Arrêtons-nous un instant à la contribution de Charles R. Day, le spécialiste (canadien) de l’enseignement technique français. Il expose le développement des Ecoles d’Arts et Métiers (dont on sait qu’elles servirent de modèles, au début du siècle, à certaines Ecoles d’ingénieurs en Belgique). A l’origine (Châlons-sur-Marne, 1803), il s’agit d’une institution napoléonienne ayant pour objectif la formation de contremaîtres. En 1907, Gaston Doumergue, alors ministre, signa la loi autorisant les Ecoles d’Arts et Métiers à délivrer le diplôme d’ingénieur. Enfin, en 1947, ces Ecoles accédèrent au niveau universitaire. Il est utile de noter que, en Belgique, c’est aussi en cette année que les études d’ingénieur agronome furent haussées à ce fameux niveau. L’intérêt de l’étude de Day réside dans la mise en lumière du rôle que joua, tout au long de l’histoire, l’association des « gadzarts », fondée en 1846.

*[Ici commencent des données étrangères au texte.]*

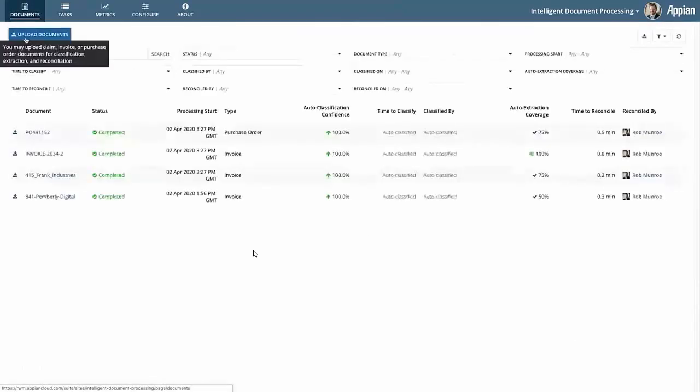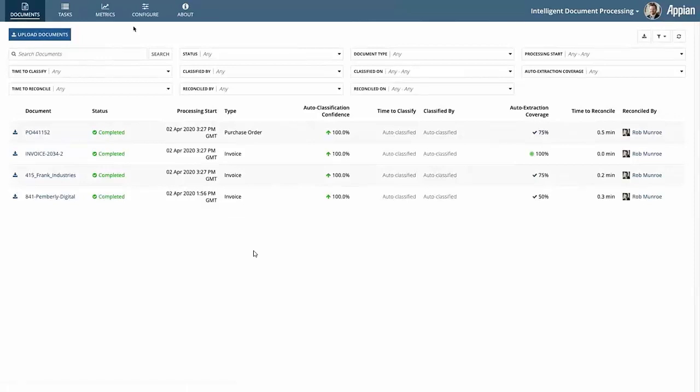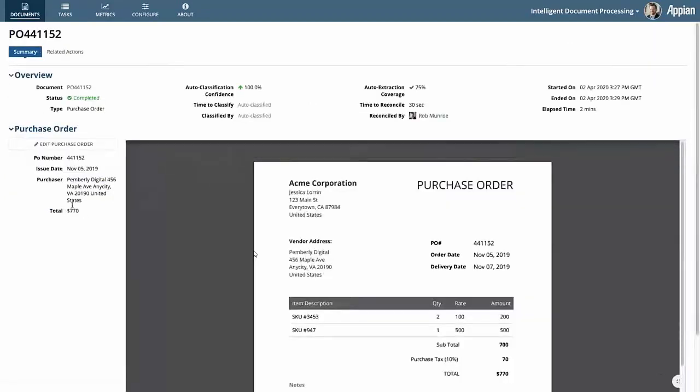So what have we done so far? We ran a robot, found some files sitting in a Windows share, and sent those to Appian in the cloud by way of a web API. Appian — that web API launched the IDP process, which is out of the box in 20.1 with no modifications. We had AI classify them with 100% confidence, and then we had AI help us auto-extract with very good coverage. Now that data exists in a database — we can view it here and see the values sitting in the local MySQL database in Appian, ready to go. I can even edit it here should I need to.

Relevons aussi l’article de Peter Lundgreen, intitulé De l’école spéciale à l’université technique, et qui traite de l’Allemagne (car le livre que nous présentons, s’il étudie surtout la France, aborde également la situation des ingénieurs dans d’autres grands pays).
Il note que – comme en France, et nous ajoutons comme en Belgique – l’histoire de la formation des ingénieurs en Allemagne est marquée par le conflit entre l’enseignement donnant accès à la fonction publique et celui destiné à l’industrie. Il remarque (comme l’ont fait les historiens des techniques en Allemagne, par exemple Frédéric Klemm) que ce n’est qu’en 1899 que « les universités durent se résigner à voir l’empereur Guillaume II octroyer aux écoles supérieures techniques le droit de décerner le doctorat et reconnaitre par là qu’elles n’étaient pas seulement des établissements d’enseignement supérieur mais également de recherche. D’importants laboratoires furent mis en place… ». C’est très exactement la revendication actuelle de l’UFI (Union francophone des Ingénieurs industriels de Belgique) pour les Instituts Supérieurs Industriels créés en 1977, qui n’organisent actuellement que la candidature et l’ingéniorat. Mais ceci est une autre histoire… La recherche en histoire des techniques, pour la période « industrielle » de l’histoire de l’humanité (du XVIIIème siècle à nos jours puisque la période « post-industrielle » n’a pas encore commencé…), dispose maintenant de l’ouvrage qui manquait, où l’on traite de ceux qui firent, et surtout qui consolidèrent, la Révolution industrielle. On peut espérer, pour les années qui viennent, d’importants résultats, le CRCT ayant montré la voie.
Alors que j’entame ma huitième année de « lutte » (quel drôle de mot) pour l’HSTI en tant que domaine de rencontre entre ingénieurs et « humanistes » (encore un drôle de mot), on voudra bien croire que j’ai acquis quelque expérience, et que je ne vais pas entonner le refrain de la « culture » nécessaire aux ingénieurs – bien que le volume du CRCT soit adorné de cette devise: « un ingénieur sans culture ressemble a un lièvre sans os qui dort dans un pâté ». C’est inutile ! Les cultivés savent déjà. Les incultes ne sauront jamais. Car l’ignorance est la meilleure gardienne de la vanité, qui le lui rend bien.
J. C. Baudet
Martine GROULT, éd. (1983)
Documents pour l’histoire du vocabulaire scientifique, n° 5.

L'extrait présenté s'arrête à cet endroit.